When a Bureaucratic System Can't Sustain Successful Reform, Shouldn't We Change the Bureaucracy Rather Than End the Reform?
Carroll Andrew Morse
The transition of Hope High School in Providence back to city control, reported on most recently by Linda Borg in today's Projo, illustrates the premises that animate both charter school and site-based management school reform movements.
Rhode Island's State Commissioner of Education took a direct role in operating Hope High in 2005; after educational results showed some improvement, Hope was returned to full city control this past February. However, the school administration in Providence has announced its intention to undo some of the changes that have helped Hope improve…
Beginning in September, Hope will move to a six-period day like all of the other high schools in the city. The high school currently has a so-called “block” schedule composed of four 90-minute periods a day, a schedule that teachers say allows them enough time to delve more deeply into subjects.
The new schedule will also reduce or eliminate Hope’s various common planning periods that teachers say are vital to revamping the school’s academics, creating individual learning plans and developing student advisories.
The reasons cited for the changes are increased costs associated with the differently structured school-day…
According to [Providence Superintendent Tom Brady], this model requires 20 to 30 additional teachers at a cost of roughly $2.5 million a year.
...as well as a desire by Providence's school administrators to make Hope's school day uniform with the rest of the district.
But suppose there was an organization, either an outside school operator or a homegrown group of teachers and administrators, that said it believed it could find a way to make the new schedule work within a more standard budget, if various regulations and mandates were relaxed. Would trying to figure out how to make a program like that work be worth trying? Or should the highest goal of an educational bureaucracy be to impose a uniform structure on everyone's school-day, and on other aspects of school management, whether that uniform structure provides the best education or not?
Are you seriously asking if a bureaucracy can reform itself?
Andrew,
All fine in theory, but:
Have you ever been inside Hope High?
Have you ever talked to any Hope students?
Have you ever talked to any Hope teachers?
Have you ever talked to any of Hope's leaders?

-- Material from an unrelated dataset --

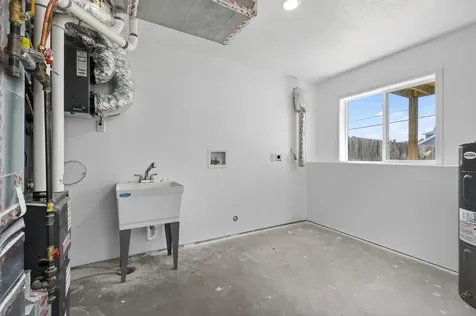 714 E Hawthorne Avenue E Saint Paul MN 55106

Have you talked to Brady about it?
Have you talked to Gist about it?
In short, what do you actually know about Hope and what goes on there, and what would be good for Hope and the students who attend there?
In order for any high school to succeed, the first year (freshman) student needs to arrive at school at grade level. This isn’t happening in Providence unless you go to a school like Classical where the student body is culled out from the masses.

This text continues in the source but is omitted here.